* _WHAT YOU SHOULD DO_
An exact repetition of the data is required; no picture should appear in it.

* _PROVIDED DATA_
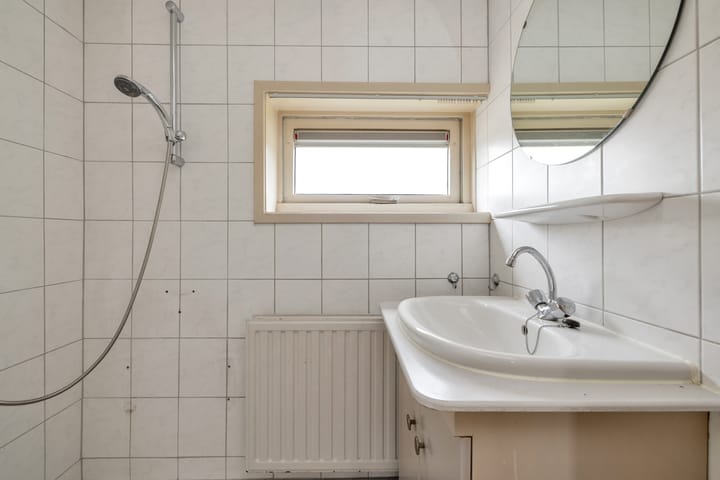 Photo 20 of Burgemeester van der Lelystraat 92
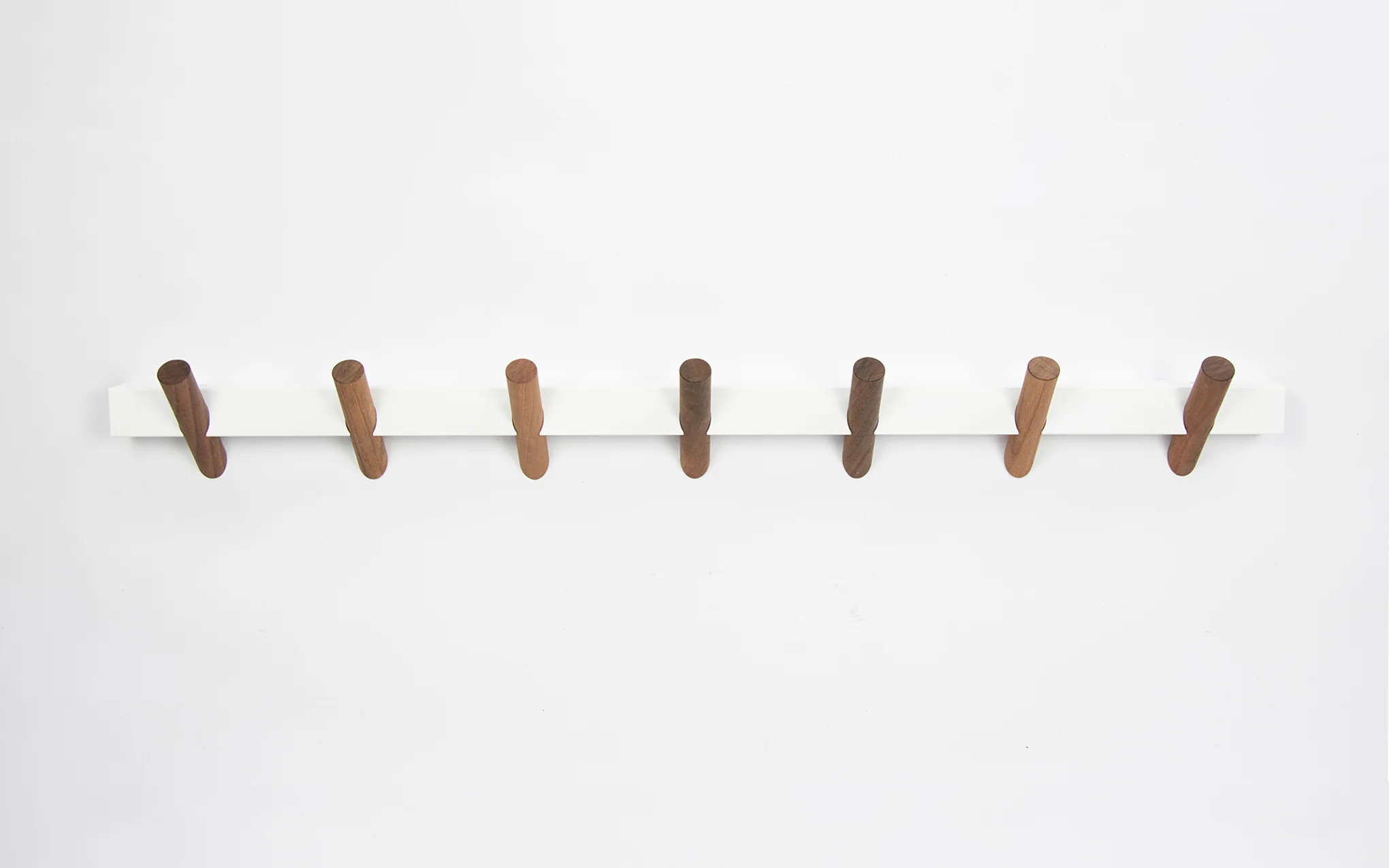 Crosscut coat hooks - Image 5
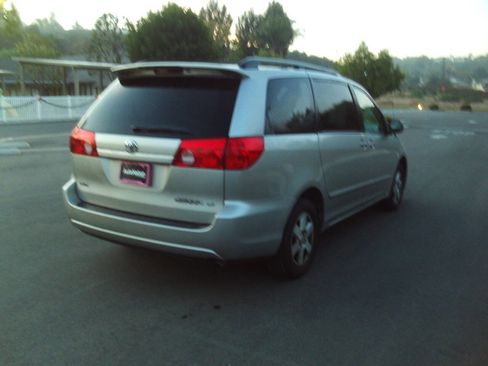 Used 2004 Toyota Sienna XLE FWD image 11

* _RESULT OF THIS EXERCISE_
 Photo 20 of Burgemeester van der Lelystraat 92
 Crosscut coat hooks - Image 5
 Used 2004 Toyota Sienna XLE FWD image 11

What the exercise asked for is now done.